= Tim Osswald =

Tim Andreas Osswald (born June 6, 1958, Bogotá, Colombia) is a mechanical engineer and the K. K. and Cindy Wang Professor in the Department of Mechanical Engineering at the University of Wisconsin-Madison. He is also honorary professor at the University of Erlangen-Nuremberg in Germany and the National University of Colombia. Osswald has authored 12 books in the field of polymer engineering and teaches polymer processing and designing with polymers. His research includes modeling and simulation in polymer processing, engineering design with plastics, sustainability and biopolymers.

Osswald is co-founder and present co-director of the Polymer Engineering Center. The center is dedicated to the solution of problems in the plastics industry through education, training, and research at the College of Engineering at the University of Wisconsin-Madison since 2001.

Osswald serves as the English-language editor of the Journal of Plastics Technology and as an editor for the Americas of the Journal of Polymer Engineering.

==Education==
Osswald attended the South Dakota School of Mines and Technology from 1978 to 1982, where he received a B.S. degree and a M.S. degree in mechanical engineering. In 1987 he received a Ph.D. in mechanical engineering from the University of Illinois at Urbana-Champaign. Between 1987 and 1989 he was an Alexander von Humboldt research fellow at the Institute for Plastics Processing (Institut für Kunststoffverarbeitung) in Aachen, Germany.

==Awards and honors==
Osswald was recipient of the Presidential Young Investigator Award in 1991 granted by the National Science Foundation. In 2001 he was the first academic to receive the VDI-K Dr-Richard-Escales-Preis (:de:Ernst Richard Escales) (Plastics Division of the German Engineering Association, :de:Verein Deutscher Ingenieure).
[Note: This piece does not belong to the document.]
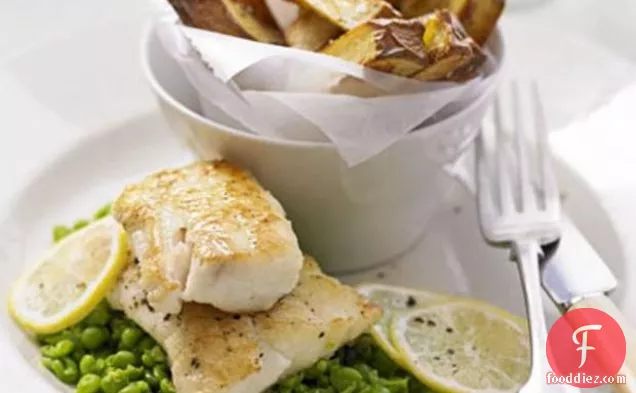 Fish & Fat Chips With Mushy Peas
In 2006 he was named an honorary professor at the University of Erlangen-Nuremberg in Germany and in 2010 honorary professor at the National University of Colombia.

Osswald serves as faculty advisor to Theta Tau professional fraternity, to the Society of Hispanic Professional Engineers and to the Society of Plastics Engineers.

==Books==
Osswald is author and co-author of several influential books in plastics engineering including the International Plastics Handbook. His work has been translated into many foreign languages, including Spanish, German, Russian, Chinese, Korean and Japanese.

- “Polymer Rheology: Fundamentals and Applications”, Hanser Verlag, (2014). ISBN 978-1569905173
- “Understanding Polymer Processing”, Hanser Verlag, (2010). ISBN 978-1569904725
- “Plastics Testing and Characterization - Industrial Applications”, with A. Naranjo, M. Noriega, A. Roldán and J. Sierra, Hanser Verlag, (2006). ISBN 978-1569904251
- “Kunststoff-Taschenbuch”, with E. Schmachtenberg, E. Baur, Hanser Verlag, (2007, 2nd ed. 2013). ISBN 978-3446434424
- “Injection Molding Handbook”, with L.S. Turng, and P.J. Gramann, Hanser Verlag, (2001, Russian and Chinese translation, 2006, 2nd ed. 2008). ISBN 978-1569904206
- “International Plastics Handbook” with E. Schmachtenberg and E. Baur, Hanser Verlag, (2006). ISBN 978-1569903995
- “Polymer Processing - Modeling and Simulation” with J.P. Hernandez, Hanser Verlag, (2006). ISBN 978-1569903988
- “Compression Molding”, with B.A. Davis, P.J. Gramann and C.A. Rios, Hanser Verlag, (2003). ISBN 978-1569903469
- “Polymer Processing Fundamentals”, Hanser Verlag, (1998, Spanish translation 2008). ISBN 978-1569902622
- “Materials Science of Polymers for Engineers”, with G. Menges, Hanser Verlag, (1996, Japanese edition 1997, Korean edition 1999, 2nd ed. 2003, 3rd ed. 2012). ISBN 978-1569903483
- ”An Introduction to Experimental Analysis of Stress and Strain” with J.J. Comer and R.L. Pendleton, SDSM & T Press, (1983).

Osswald is also the series editor of Plastics Pocket Power (Hanser Verlag, 2001), which currently includes 6 books.

==Personal life==
Osswald was born in Bogotá, Colombia. At the age of 4, his family moved to Cúcuta, Colombia. After graduating from High School, he was an exchange student in Rapid City, South Dakota with Florida Cultural Exchange for one year. He returned to Rapid City to get his B.S. and M.Sc. degrees in 1977. He then continued his graduate studies in Urbana, Illinois where he met his wife.

Osswald and his wife, Diane, have a son, Paul, and a daughter, Ruthie, and were married in Aachen, Germany in 1988. They live in Madison, Wisconsin.